ASSIGNED TASK >> A line below contains "Яблоня колонновидная Золотой початок", and a later one contains "бой хабиба сколько денег". Repeat both, with every line between them, exactly.

EXCERPTED DATA >>
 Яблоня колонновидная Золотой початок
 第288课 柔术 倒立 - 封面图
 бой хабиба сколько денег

* * *

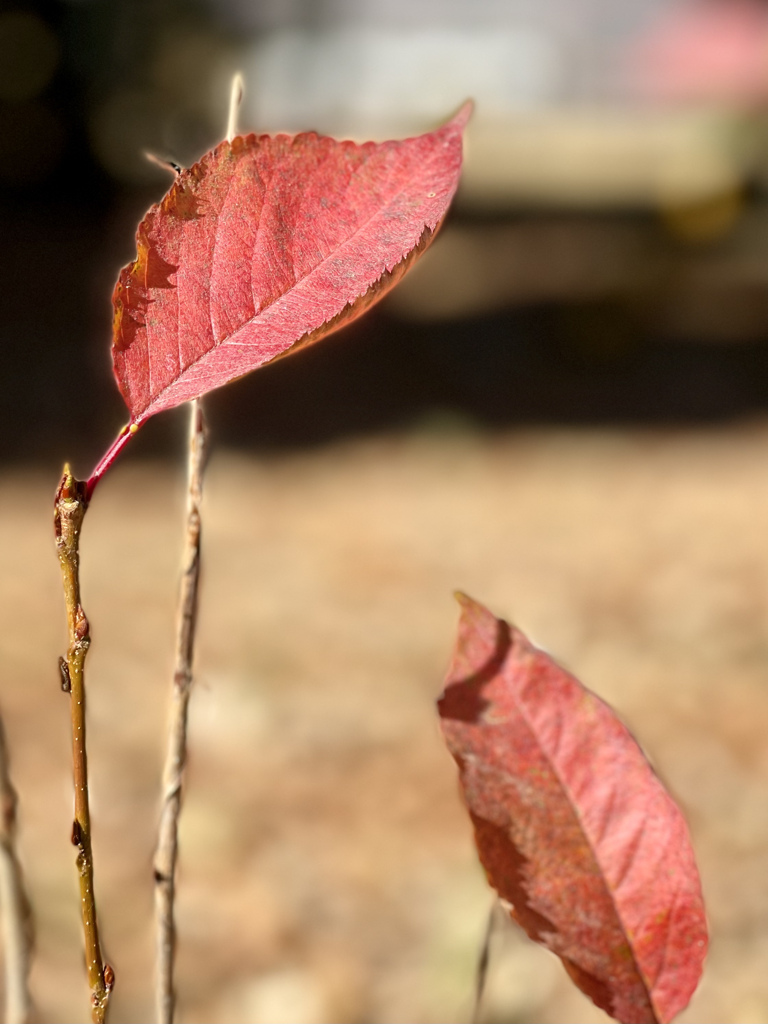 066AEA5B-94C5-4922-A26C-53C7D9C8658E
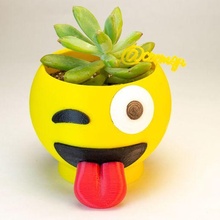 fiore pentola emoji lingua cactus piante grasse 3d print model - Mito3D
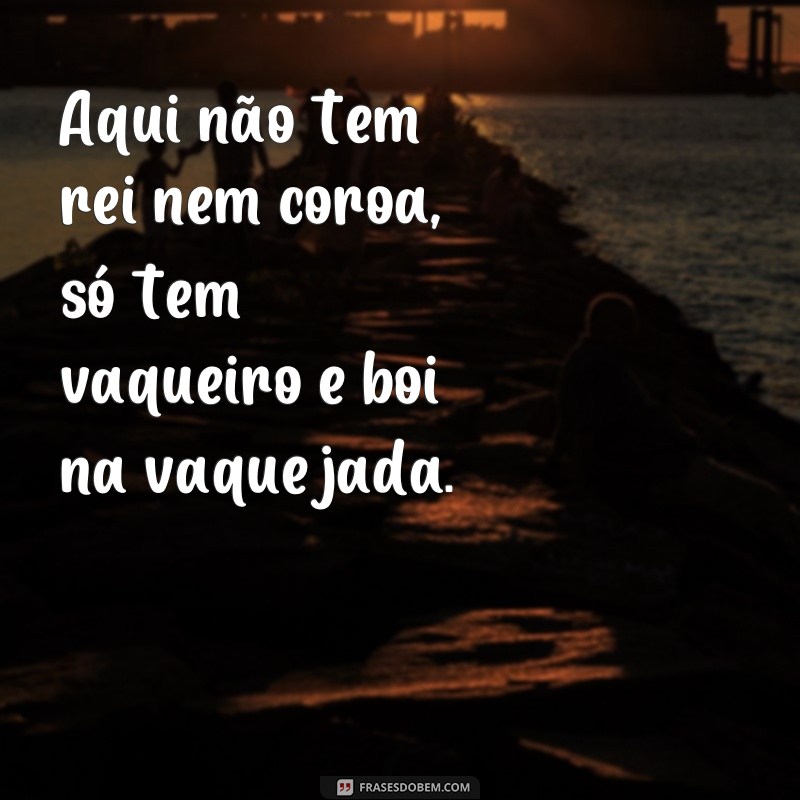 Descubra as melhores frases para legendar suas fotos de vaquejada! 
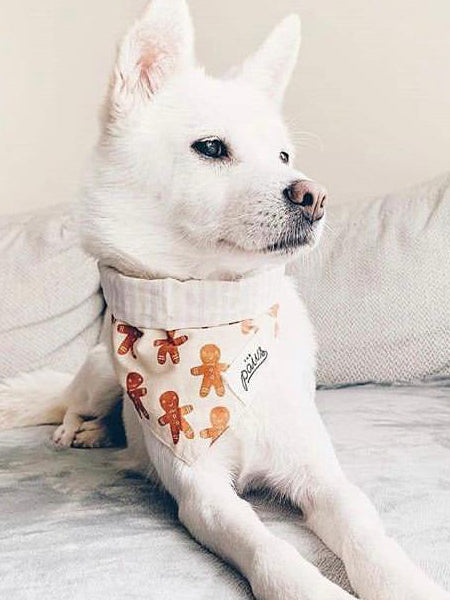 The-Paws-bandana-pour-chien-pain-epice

ANSWER TO THIS EXERCISE >>
 Яблоня колонновидная Золотой початок
 第288课 柔术 倒立 - 封面图
 бой хабиба сколько денег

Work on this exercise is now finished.